La democrazia (forse) salverà il mondo. L'ultimo libro di Luigi Bonanate



di Damiano Palano

Questa recensione al nuovo volume di Luigi Bonanate, Anarchia o democrazia. La teoria politica internazionale del XXI secolo (Carocci, pp. 134, euro 12.00), è apparsa su "Avvenire" del 13 novembre 2015.

È ormai trascorso più di un quarto di secolo dalla fine della Guerra fredda e dalla dissoluzione del blocco sovietico. Il lungo dopoguerra non ha però ancora partorito uno stabile ordine internazionale.
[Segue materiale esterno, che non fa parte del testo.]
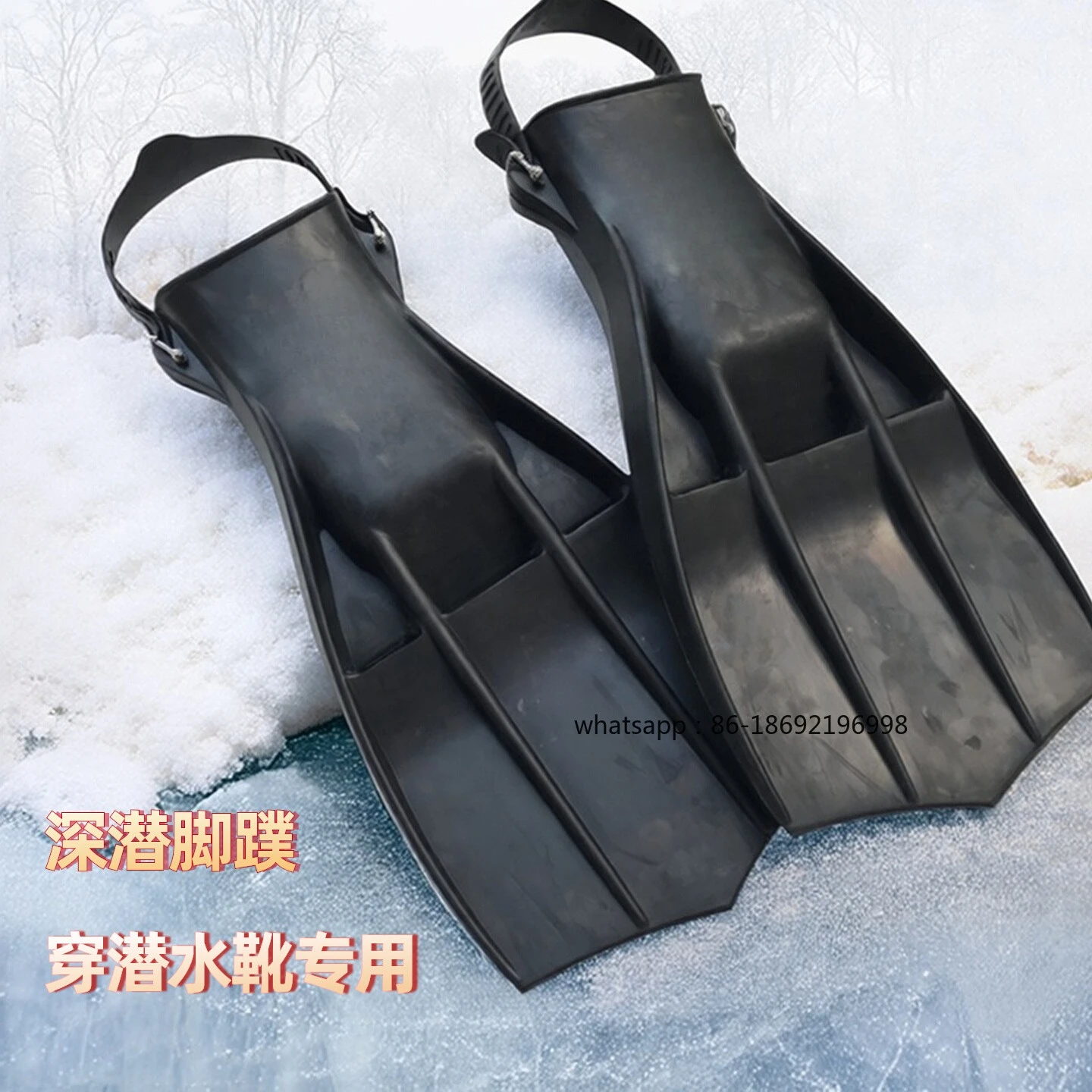 

Регулируемые ласты для глубокого дайвинга, специальные ласты для ботинок для дайвинга Регулируемые ботинки для дайвинга Ласты для уток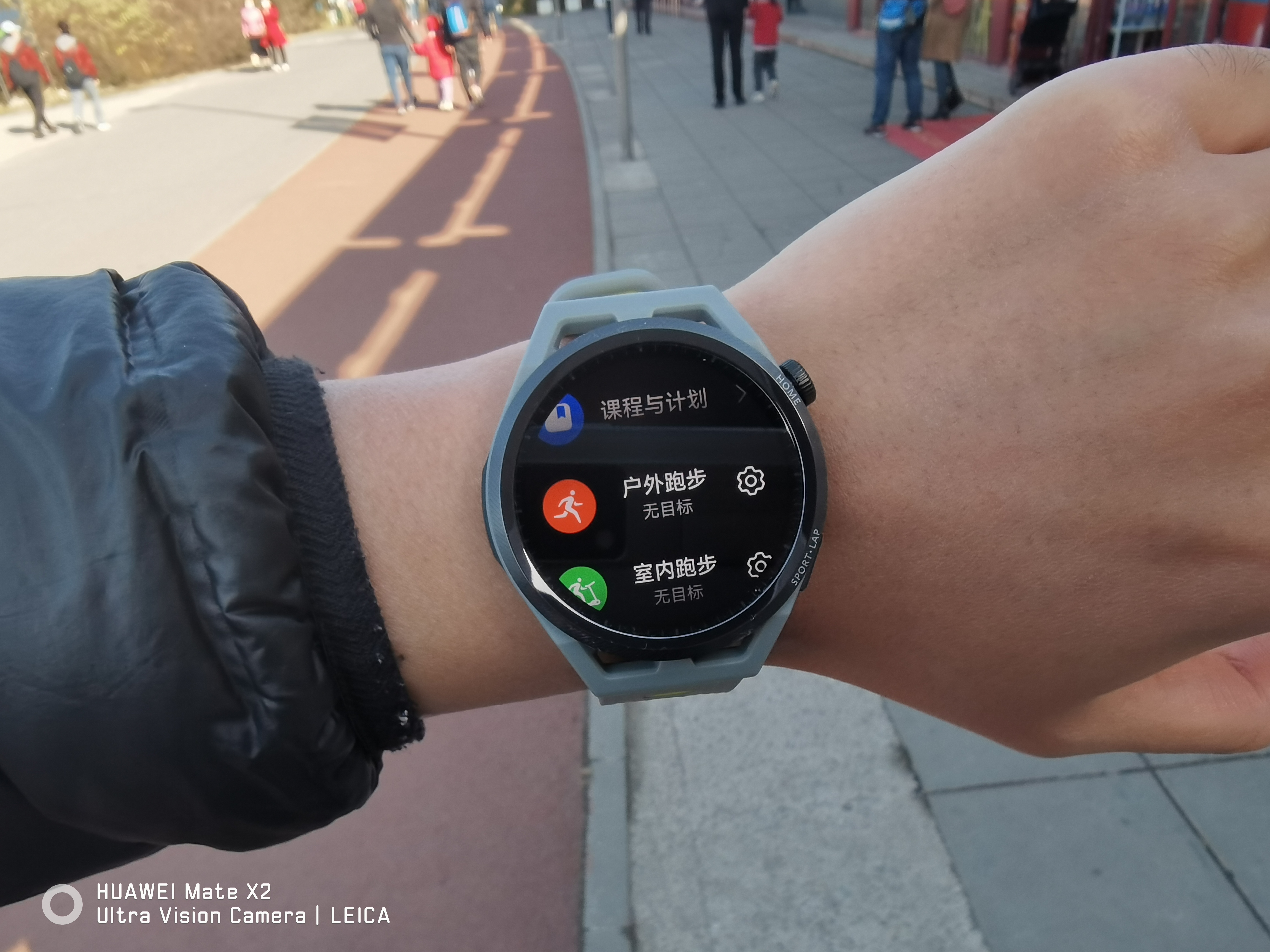 华为watchgtrunner能做动态表盘吗,小白也能轻松上手的应用多开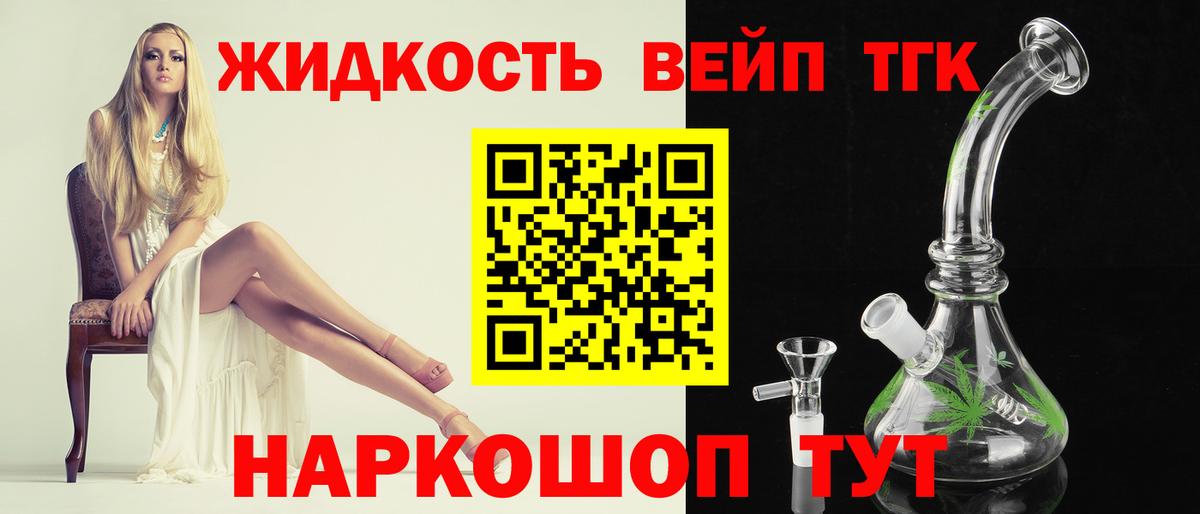 наркота  ТГК THC oil  Вход с VPN  OMG как войти  ТГК жижа  Воркута 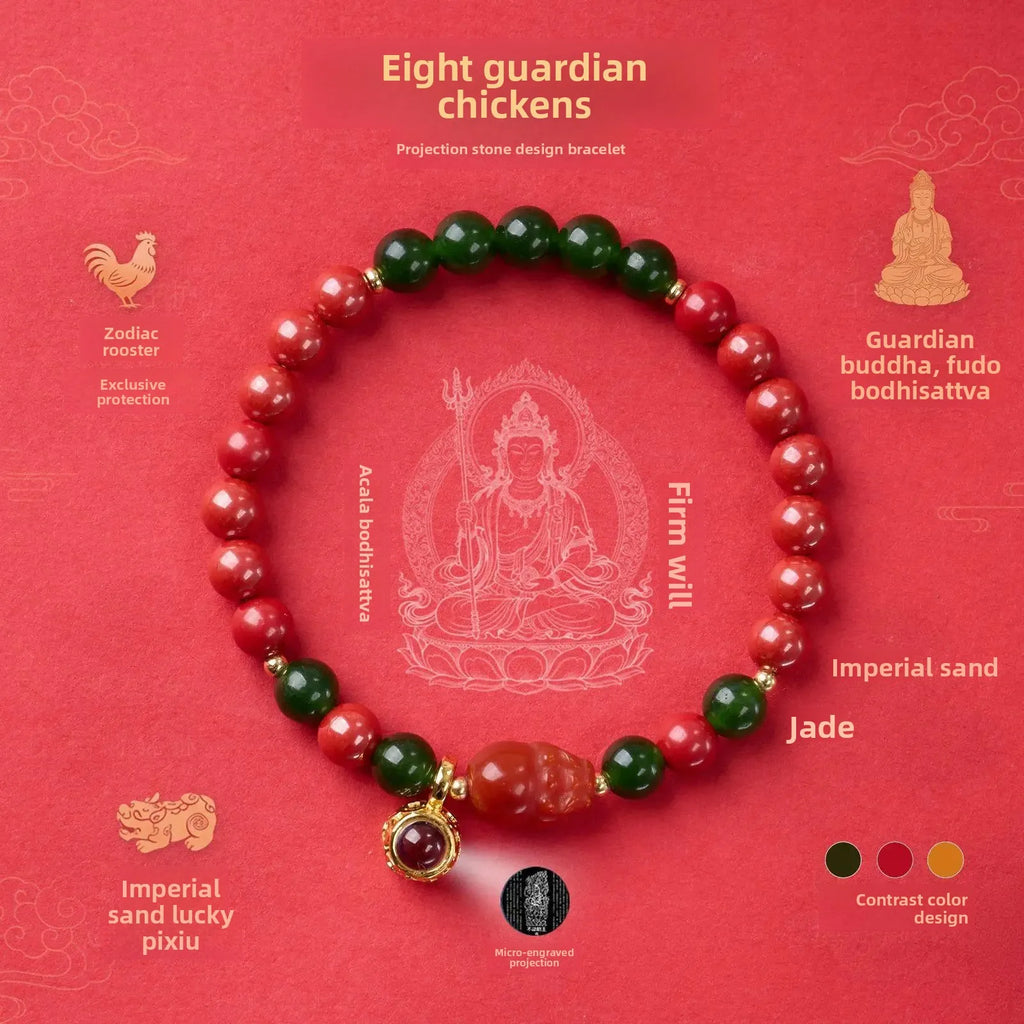 2026 New Year of The Horse Eight Patron Saint of The Chinese Zodiac Bracelet Cinnabar HandString Projection Stone Amulet Jewelry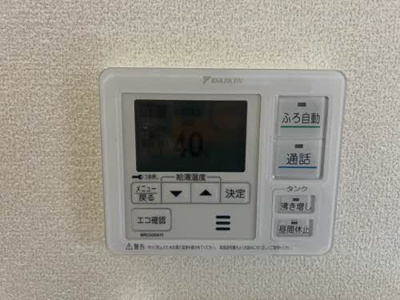 【設備】 | サン・クレールA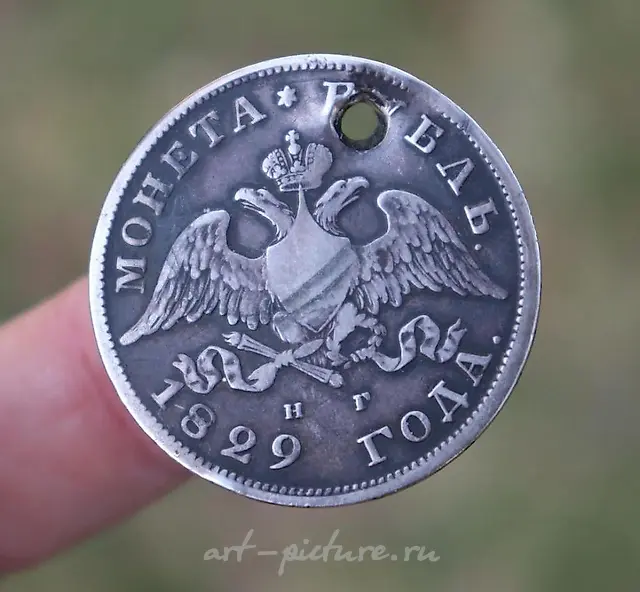 Coin One Ruble Imperial Russian silver coin, 1829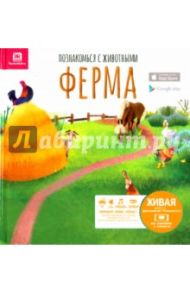 Познакомься с животными. Ферма / Перес Мануэль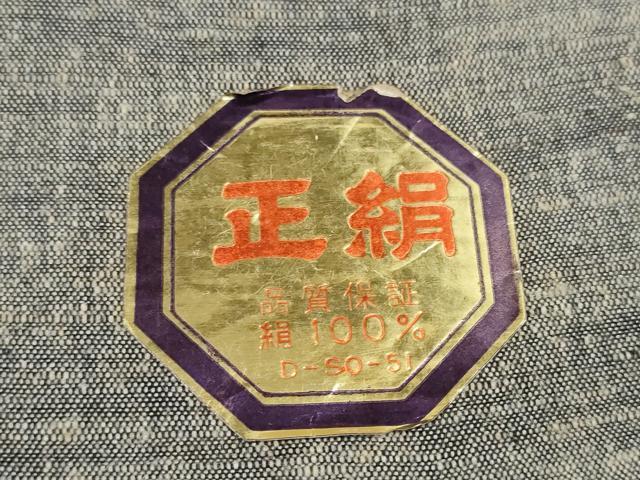 平和屋着物▼男性 紬 反物 着尺 ミッドナイトブルー色 逸品 未使用 DABD8173zzz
E pare così davvero lontano l’ottimismo di quegli intellettuali che, sul finire del secolo scorso, salutarono euforicamente l’inizio dell’«era unipolare», destinata a consegnare agli Stati Uniti il ruolo di unica superpotenza globale, garante di un impero liberale fondato sui principi democratici e sulla libertà di mercato. A partire dal trauma dell’11 settembre 2001 gli scenari di crisi hanno anzi continuato a estendersi, giungendo fino alle porte dell’Europa, senza che neppure si siano profilate ipotesi realistiche di soluzioni durature. 
È proprio all’instabilità dello scenario globale che è dedicato l’ultimo libro di Luigi Bonanate, Anarchia o democrazia. La teoria politica internazionale del XXI secolo (Carocci, pp. 134, euro 12.00). La tesi che sostiene Bonanate è per molti versi radicale. Secondo lo studioso, dopo il 1989 il sistema internazionale è infatti diventato ‘anarchico’. E il punto cruciale è che questo dato costituisce una novità clamorosa, l’effetto di una dirompente «rivoluzione internazionale». Per molti politologi – e in particolare per i cultori del ‘realismo’ – l’arena internazionale è sempre stata contrassegnata da una costitutiva ‘anarchia’. In questa prospettiva, dal momento che nel contesto internazionale non esiste nessuna autorità politica superiore capace di imporre e far rispettare la legge con la forza coercitiva, gli Stati sovrani devono provvedere da soli a tutelare la propria sicurezza. E per questo si trovano a operare in un contesto molto simile allo «stato di natura» descritto da Thomas Hobbes, in cui regna il bellum omnium contra omnes e in cui ciascuno deve guardarsi dai propri simili. Secondo Bonanate, invece, il sistema interstatale moderno non è mai stato realmente ‘anarchico’, ma è sempre stato contrassegnato da un «ordine», basato soprattutto sulle regole dettate dalla potenza vincitrice di una guerra e dunque dai rapporti di forza sanciti da un conflitto generale. Con il 1989 si rompe però il legame fra «guerra» e «ordine» che ha segnato la modernità. La Guerra fredda finisce infatti col collasso di una delle due superpotenze senza che venga sparato un solo colpo. Probabilmente, osserva Bonanate, questa soluzione è anche l’esito dell’ingresso del mondo nell’era in cui diventa tecnicamente possibile l’autodistruzione nucleare. Ma la «rivoluzione internazionale» del 1989 segna così l’inizio di una nuova stagione ‘postmoderna’, in cui il sistema sembra davvero diventare anarchico, perché «nessun ordine solido, stabile e condiviso in queste nuove condizioni può esistere». 
Tutti i tasselli di questo mosaico sembrerebbero preludere a una degenerazione progressiva. Ma, benché non nasconda più di qualche motivo di pessimismo, Bonanate non rinuncia a indicare una strada alternativa, che potrebbe contribuire alla costruzione di un nuovo ordine, finalmente adeguato alla realtà di un sistema entrato nella ‘post-modernità’. E l’alternativa all’anarchia – come suggerisce il titolo del volume – non può che essere la democrazia. Una democrazia intesa però soprattutto come principio con cui ridefinire le relazioni ‘fra’ (e non solo ‘dentro’) gli Stati, con l’obiettivo di giungere a una drastica riduzione del ricorso alla violenza come strumento di risoluzione dei contrasti. E proprio per questo – se Dostoevskij scriveva che solo la bellezza avrebbe potuto salvare il mondo – Bonanate, esplicitando una «disperata speranza», scrive che «ora dovremmo dire che soltanto la democrazia potrà salvarlo».